In my opinion a couple of years ago it was already discussed and I gave a solution. Example (without range errors):
Code: Pascal  [Select][+][-]
  1. {$MODE OBJFPC}
  2. {$MODESWITCH ADVANCEDRECORDS}
  3. {$RANGECHECKS ON} // Even so!
  4. {$APPTYPE CONSOLE}
  5.  
  6. type
  7.   PDesc = ^TDesc;
  8.   TDesc = record
  9.     Length: Cardinal;
  10.     Count: Cardinal;
  11.   end;
  12.  
  13.   PDescList = ^TDescList;
  14.   TDescList = packed record
  15.     NumDesc: Cardinal;
  16.     function Descs: PDesc; inline;
  17.   strict private
  18.     DescsStart: record end;
  19.   end;
  20.  
  21. function TDescList.Descs: PDesc;
  22. begin
  23.   Result := PDesc(@DescsStart);
  24. end;
  25.  
  26. procedure Test;
  27. const
  28.   CCount = 100;
  29. var
  30.   P: PDescList;
  31.   i: Integer;
  32. begin
  33.   GetMem(P, SizeOf(TDescList) + CCount * SizeOf(TDesc));
  34.   try
  35.     P^.NumDesc := CCount;
  36.     i := CCount - 1;
  37.     P^.Descs[i].Count := 12345;
  38.     Writeln(P^.Descs[i].Count);
  39.   finally
  40.     FreeMem(P);
  41.   end;
  42. end;
  43.  
  44. begin
  45.   Test;
  46.   Readln;
  47. end.

PascalDragon

  • Hero Member
  • *****
  • Posts: 5446
  • Compiler Developer
Re: Definition C array to Pascal array
« Reply #25 on: June 02, 2021, 09:14:20 am »
Also I don't agree that these checks should be off during development. They should be off for the final release, yes, but during development they can catch errors that would otherwise manifest as bugs (for the compiler itself these checks have already revealed quite a bunch during development before even comitting).

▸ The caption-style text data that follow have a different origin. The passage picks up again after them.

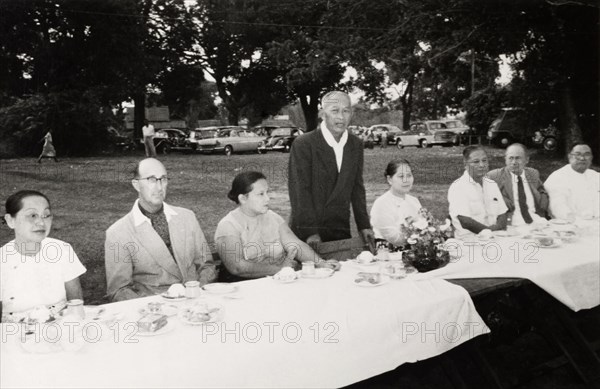 Speech at Rangoon Golf Club. A Burmese man stands to deliver a speech for an audience at the Rangoon Golf Club. Rangoon (Yangon), Burma (Myanmar), circa 1952. Yangon, Yangon, Burma (Myanmar), South East Asia, Asia.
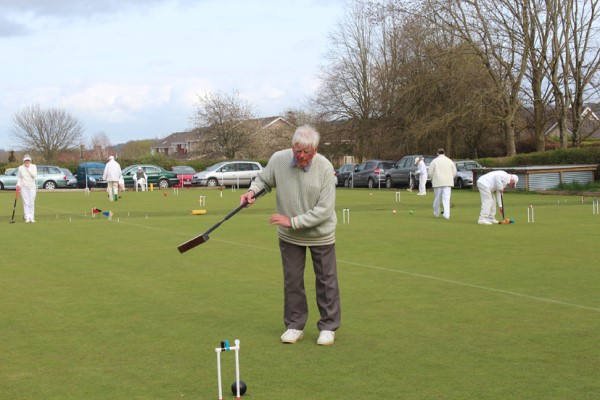 Ron George(C) willing the black to go through hoop 2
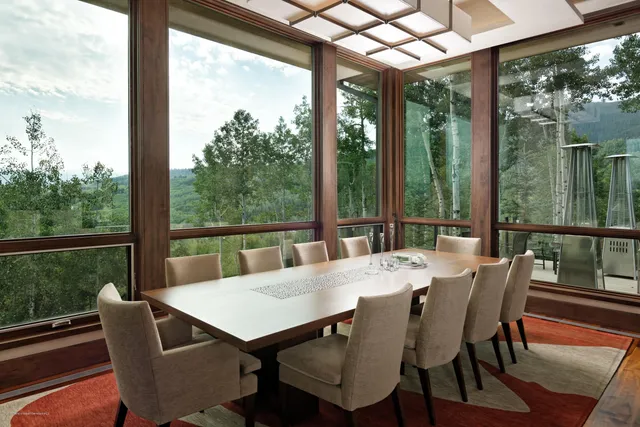 a view of a patio with a table chairs and a table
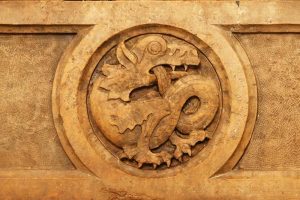 Dragon carving on fireplace mantle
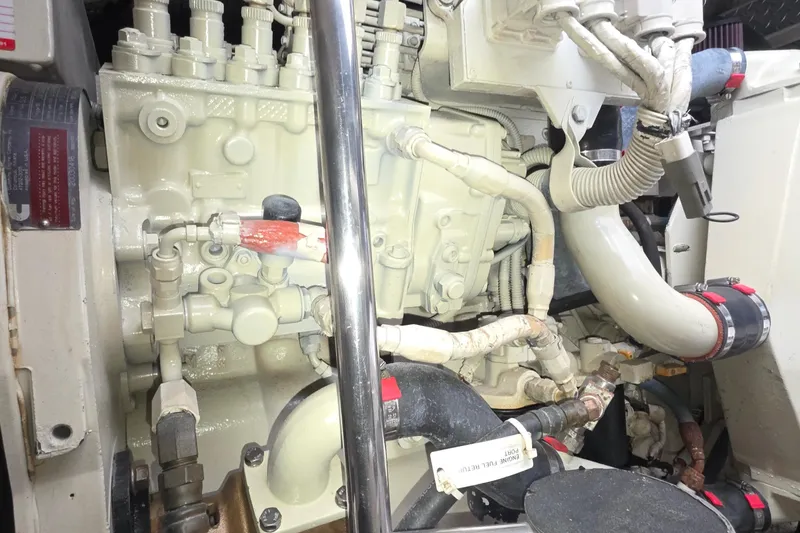 Engine compartment of a 2004 Tiara Yachts 4000 Express, showcasing detailed mechanical components.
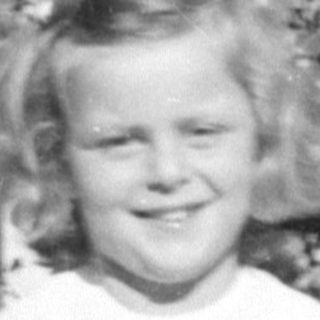 Young girl in a white dress before garden foliage.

Quite frankly I'm not convinced that they should be off for release code. Now that CPUs no longer provide fine-grained protection (e.g. using segments) the more help that the system gets to detect random errors caused by stray radiation or thermal effects the better.

Pages which usually are 4 KiB are much more fine grained than what segments offered (64 KiB). Also current CPUs provide the option to mark pages as "no execute" and any number of page can be marked as such while only a single segment could be the code segment. Not to mention that one doesn't have the hassle with far calls to switch from one code segment to the other.

MarkMLl

  • Hero Member
  • *****
  • Posts: 6676
Re: Definition C array to Pascal array
« Reply #26 on: June 02, 2021, 10:08:23 am »
Pages which usually are 4 KiB are much more fine grained than what segments offered (64 KiB). Also current CPUs provide the option to mark pages as "no execute" and any number of page can be marked as such while only a single segment could be the code segment. Not to mention that one doesn't have the hassle with far calls to switch from one code segment to the other.

Disagree. The granularity of x86-style segmentation was 16 bytes, and then you had precise bounds-checking of arrays. However (a) doing this thoroughly rapidly exhausted the descriptor tables and (b) bounds checking is incomplete for things like network messages which might not fill the defined type but should still be protected. BTDT.

MarkMLl
MT+86 & Turbo Pascal v1 on CCP/M-86, multitasking with LAN & graphics in 128Kb.
Pet hate: people who boast about the size and sophistication of their computer.